Oil prices were pushed lower by last week's economic reports that included data showing U.S. jobless claims hit a nine-month high and U.S regional manufacturing contracted for the first time in a year, reviving double-dip recession fears.
Oil this year has traded in a $64.24-$87.15 range as the economy's recovery has not lifted demand sufficiently to lower ample stockpiles. U.S. combined petroleum stocks in the week to Aug. 13 climbed to their highest level since the government began keeping weekly records in 1990. [
]Speculative interest in oil slipped last week. Money managers cut net long crude oil positions on the New York Mercantile Exchange, the Commodity Futures Trading Commission said on Friday. [
]Oil prices had received some support early from the formation of Tropical Storm Danielle, which was expected to strengthen into a hurricane in the next 24 hours as it moved west-northwest toward Bermuda, the U.S. National Hurricane Center said. [
]But computer models expected the storm's trajectory to take it north, missing the Gulf of Mexico energy infrastructure.
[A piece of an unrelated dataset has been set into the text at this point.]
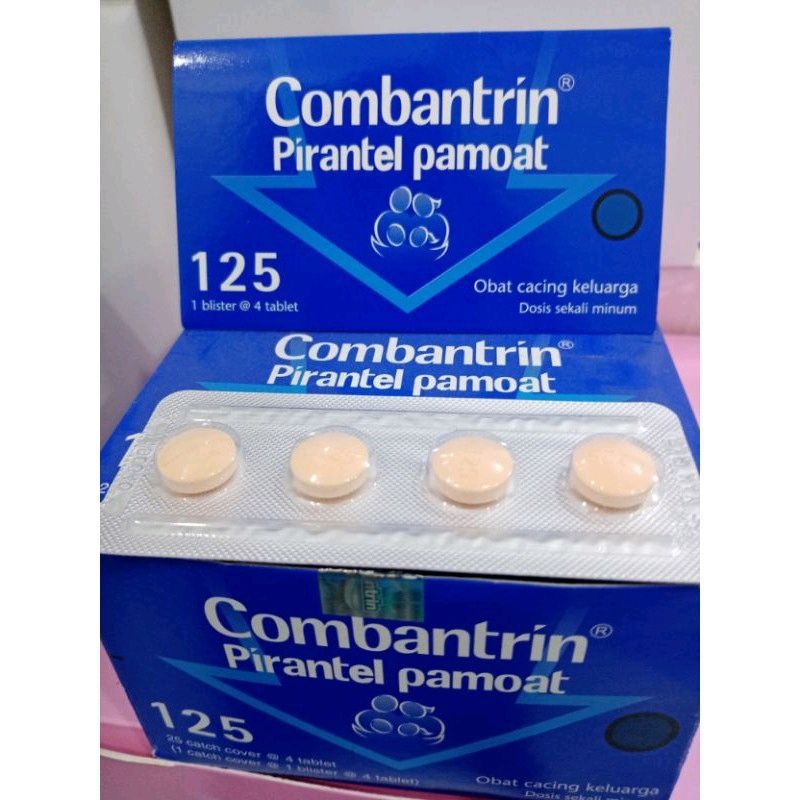 Combantrin 125mg / obat cacing dewasa / Combantrin strip isi 4tab / obat cacing keluarga ;8993212111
Though the Atlantic hurricane season was expected to be very active, so far the season has produced few disruptions to energy operations in the Gulf of Mexico region.
"The upcoming storm in the Atlantic is expected to deviate north and will again be a storm that will not have any impact on oil assets in the U.S. Gulf," said Olivier Jakob, analyst at Petromatrix, in a report. (Additional reporting by Alex Lawler in London and Alejandro Barbajosa in Singapore; Editing by David Gregorio)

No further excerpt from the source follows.